I have a shameful secret.
It's time for me to come clean.
~To set the stage~
My son is a gamer.
Yuck.
His game of choice is Call of Duty and I guess his current specialty is Black Ops II .
It's a first-person shooter game.
It's gross.
He LOVES it!!
He is wildly passionate about it.
He would put Rain Man to shame with his recitation of stats and facts about all the different guns involved and available in the game.
It is unbelievable.
This game, and the countless others like it, go against pretty much everything the ol Erstwhile Husband and I have tried to instill into his sweet wonderful little brain over the years.
Peace. Love. Reading. Disney movies.
Now THOSE are things that were more up our alley.
Not blood and guts and killing and guns and killer guard dogs.
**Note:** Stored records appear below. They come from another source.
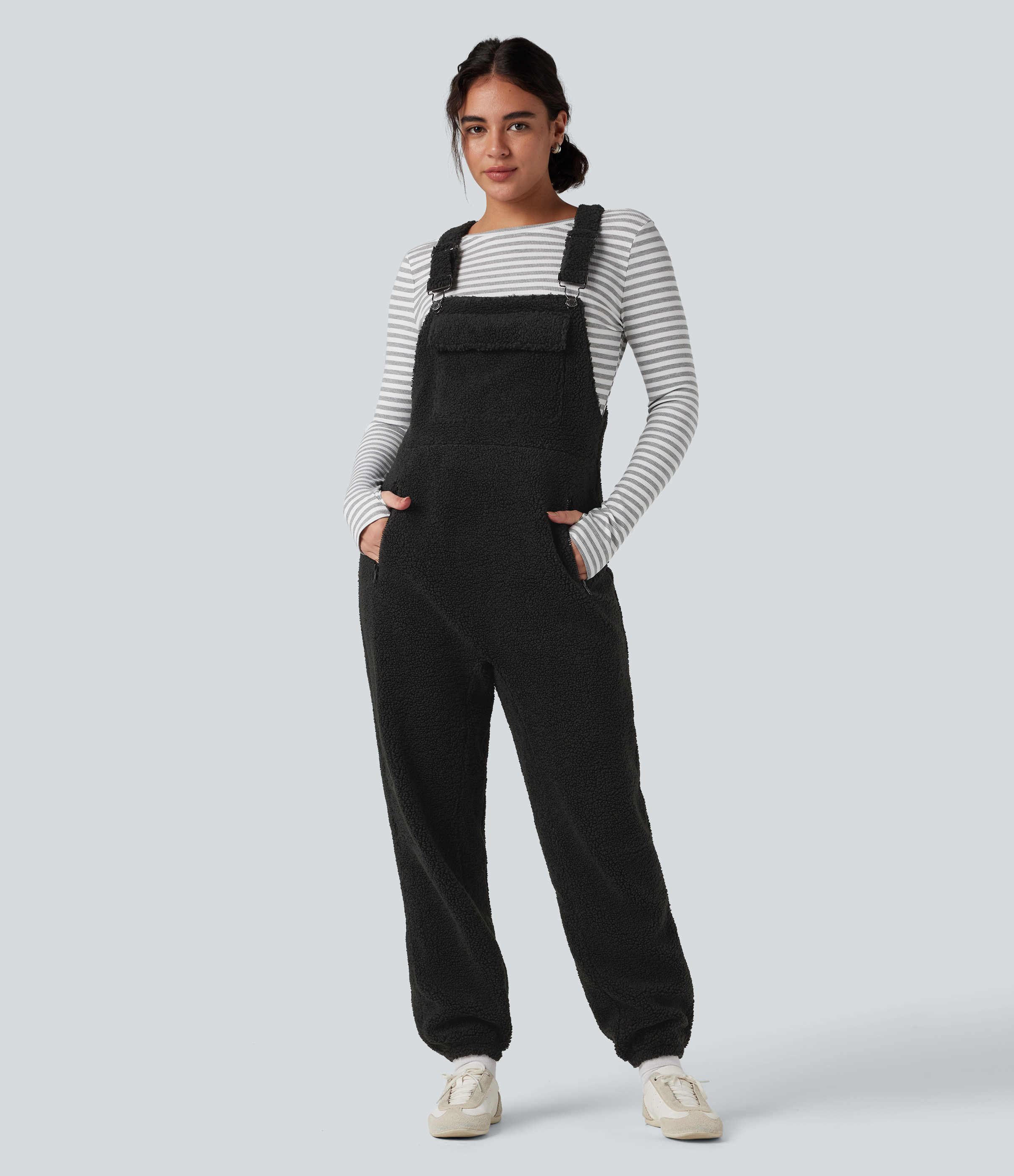 Halara Casual Sherpa Jogger Overalls with Pockets - Black - M(regular) | HALARA
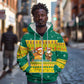 Togo Christmas Zip Hoodie African Santa Lion Drummer Gingerbread - African Pride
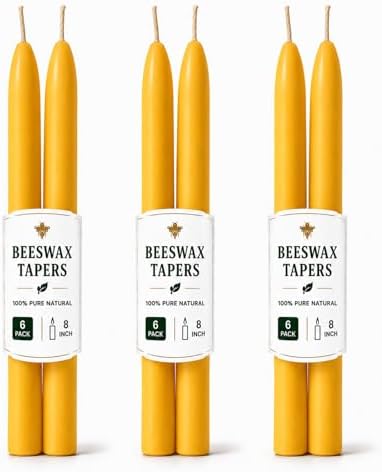 Beeswax Taper Candles,6 Pack, 8 Inch, Unscented Yellow by Capaniel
When they were little, we limited the kids' daily television viewing/computer use time to half an hour. We monitored the shows they watched and computer sites they visited. The Gameboy The Boy received for Christmas when he was 7 was accompanied by a note from Santa that laid out some pretty strict ground rules for any and all Gameboy usage. If these rules were breached, the Gameboy would be taken away.
We were right on top of things (if we did say so ourselves).
That was then.
Now his big dilemma is whether or not to "invest" in Grand Theft Auto IV... stealing cars and hookers.
Good Christ.
If all that wasn't bad enough, what makes it even worse is the fact that he plays all the time.
All.
The.
Time.
Good Christ.
Here's the shameful secret variable of the "my son is a gamer" equation...
I let him do it.
In fact, I try to be supportive of his passion...he doubts my sincerity (he's a clever boy) but I try to take an interest in his interest.
I actually even handle the transactions in which games rated Mature are purchased. You see, the stores can't sell games to kids under 17...rather... they cannot take money directly from the hand of a kid who is under 17. They're totally cool if that under 17 kid is standing beside his over 17 Mum whilst she grits her teeth and hands over her child's hard-earned birthday and Christmas money in exchange for a violent game that she wishes her under 17 kid wouldn't play.
For Christmas last year, we gave him a fancy schmancy headset that allows him to listen to the game in kickass stereo sound as well as talk to the dudes he's playing with online.
This past weekend, he made Master Prestige in Black Ops II ...which I gather is rather impressive.
He was at his Dad's when this mighty achievement was achieved and he posted about it on Facebook.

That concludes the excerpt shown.